Advanced Identity Cloud supports both RSA and elliptic curve (EC) key types.
To demonstrate the process, use an online JWK generator, such as .
For production deployments, store the key pair with the private key in a secure location. The OAuth 2.0 client must never reveal the private key. It uses the private key to solve the challenge from the resource server.
2. Represent the public key as a JWK.
Adapt the output to use the [JWK format](https://openid.net/specs/draft-jones-json-web-key-03.html#anchor4) fields.
Proof-of-possession requires a JWK where the key fields depend on the key type and the body is a single public key object, *not an array*, as in the following example:
```json
{
"jwk": {
"kty": "EC",
"use": "enc",
"crv": "P-256",
"kid": "myPublicJsonWebKey",
"x": "D5kNqoGZbLZa77xdh4HSlSZIJcHxNw4UP0pgd5wbXvU",
"y": "tX3SnRZgUOy48FV0XTCtaQNLG_DxXGbcVk94KvpyXrk"
}
}
```
3. Base64-encode your JWK, as in the following example:
```none
ewogICJqd2siOiB7CiAgICAia3R5IjogIkVDIiwKICAgICJ1c2UiOiAiZW5jIiwKICAgICJjc
nYiOiAiUC0yNTYiLAogICAgImtpZCI6ICJteVB1YmxpY0pzb25XZWJLZXkiLAogICAgIngiOi
AiRDVrTnFvR1piTFphNzd4ZGg0SFNsU1pJSmNIeE53NFVQMHBnZDV3Ylh2VSIsCiAgICAieSI
6ICJ0WDNTblJaZ1VPeTQ4RlYwWFRDdGFRTkxHX0R4WEdiY1ZrOTRLdnB5WHJrIgogIH0KfQ==
```
4. Include the base64-encoded JWK as the value of the `cnf_key` parameter to request an access token:
```bash
$ curl \
--request POST \
--user 'myClient:mySecret' \
--data 'grant_type=client_credentials' \
--data 'scope=access' \
--data 'cnf_key=eyJqd2siOnsia3R5IjoiRUMiLCJ1c2UiOiJlbmMiLCJjcnYiOiJQLTI1NiIsImtpZCI6Im15UHVibGljSnNvbldlYktleSIsIngiOiJENWtOcW9HWmJMWmE3N3hkaDRIU2xTWklKY0h4Tnc0VVAwcGdkNXdiWHZVIiwieSI6InRYM1NuUlpnVU95NDhGVjBYVEN0YVFOTEdfRHhYR2JjVms5NEt2cHlYcmsifX0=' \
'https:///am/oauth2/realms/root/realms/alpha/access_token'
{"access_token":"nhFC8RBEA6Zm672ir9GlWOMdJYc","scope":"access","token_type":"Bearer","expires_in":3599}
```
By default, Advanced Identity Cloud uses *server-side* OAuth 2.0 tokens. The response includes the access token ID.

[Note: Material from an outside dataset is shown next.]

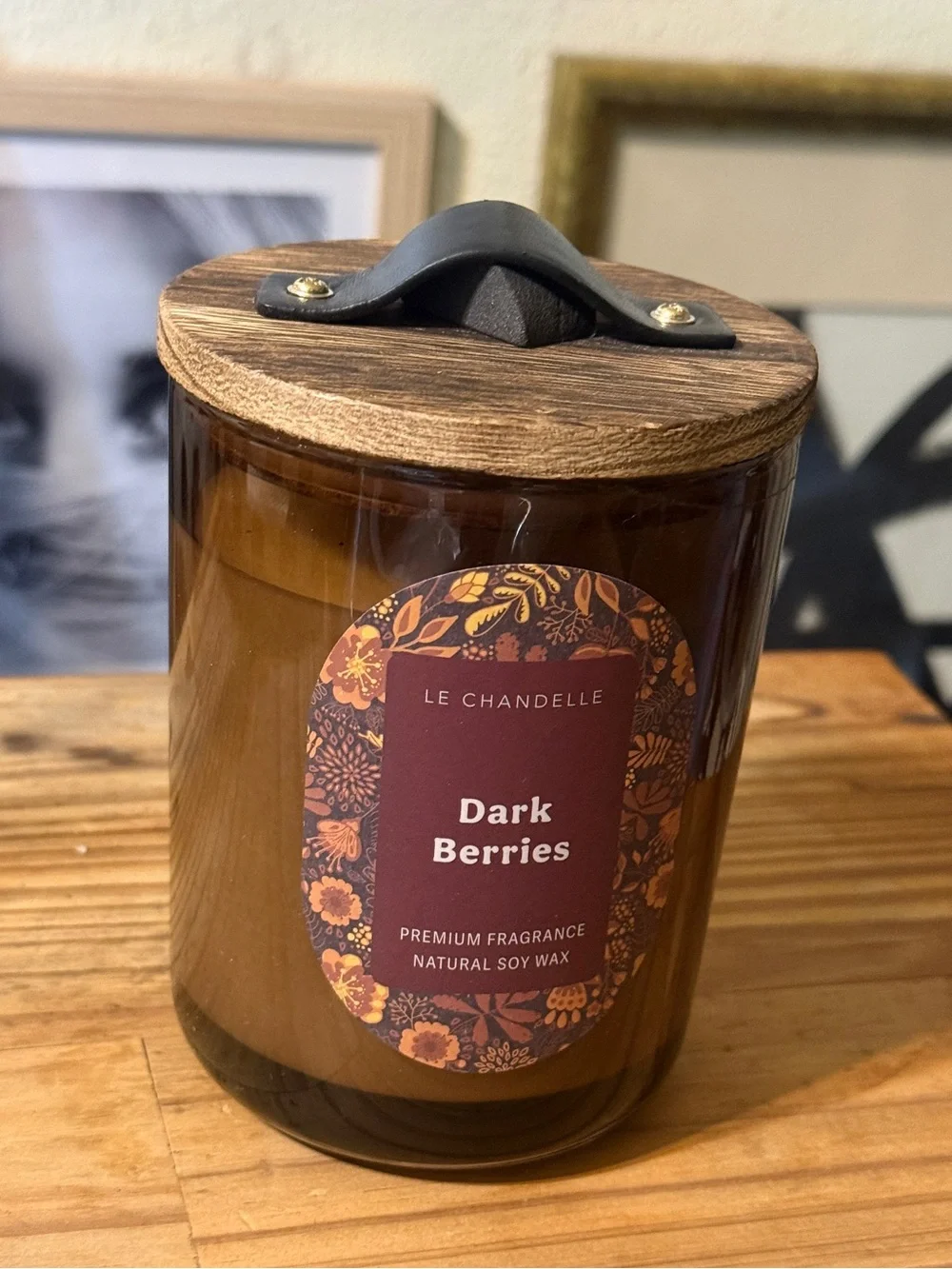 New le Chandelle Dark Berries premium clean burn Scented natural soy Candle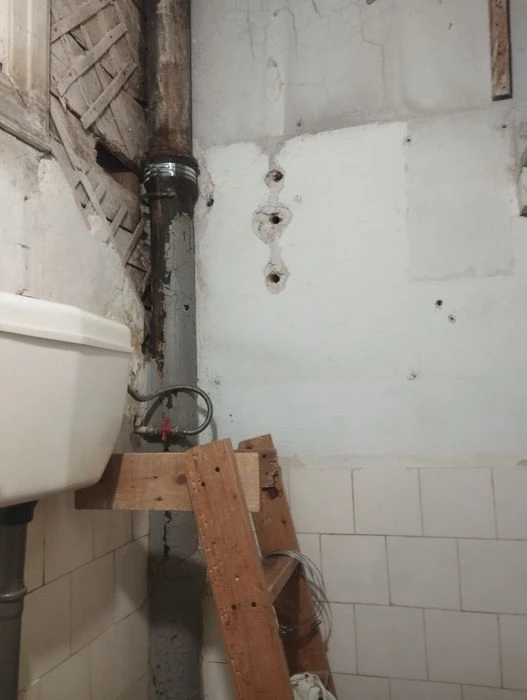 Продам 2 км кв на Артема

If Advanced Identity Cloud used *client-side* OAuth 2.0 tokens, the `access_token` field would contain the embedded JWK.
### Use the access token
1. The client uses the access token to request a protected resource on the resource server.

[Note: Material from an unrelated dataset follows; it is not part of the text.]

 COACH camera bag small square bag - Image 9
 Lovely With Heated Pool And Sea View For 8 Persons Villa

This step is not shown in the demonstration.
2. The resource server uses the access token to get the public key.
In this demonstration where Advanced Identity Cloud uses *server-side* OAuth 2.0 tokens, use the OAuth 2.0 client credentials to [introspect](oauth2-introspect-endpoint.html) the token on behalf of the resource server.
The `cnf` field contains the JWK:
```bash
$ curl \
--request POST \
--user 'myClient:mySecret' \
--data 'token=nhFC8RBEA6Zm672ir9GlWOMdJYc' \
'https:///am/oauth2/realms/root/realms/alpha/introspect'
{
"active": true,
"scope": "access",
"realm": "/alpha",
"client_id": "myClient",
"user_id": "myClient",
"username": "myClient",
"token_type": "Bearer",
"exp": 1671126270,
"sub": "myClient",
"subname": "myClient",
"iss": "https:///am/oauth2/realms/root/realms/alpha",
"cnf": {
"jwk": {
"kty": "EC",
"use": "enc",
"crv": "P-256",
"kid": "myPublicJsonWebKey",
"x": "D5kNqoGZbLZa77xdh4HSlSZIJcHxNw4UP0pgd5wbXvU",
"y": "tX3SnRZgUOy48FV0XTCtaQNLG_DxXGbcVk94KvpyXrk"
}
},
"authGrantId": "CBmKDJ1Ei8V7HhyXcKAyHaNR42I",
"auditTrackingId": "3c47dc23-a35f-4a34-9f73-daf709d42400-385803"
}
```
3. The resource server uses the public key to confirm proof-of-possession with a challenge-response interaction.
This step is not shown in the demonstration.
By successfully responding to the challenge, the client proves it has the private key for the public key it presented to get the access token.
4. The resource server grants access to the resource.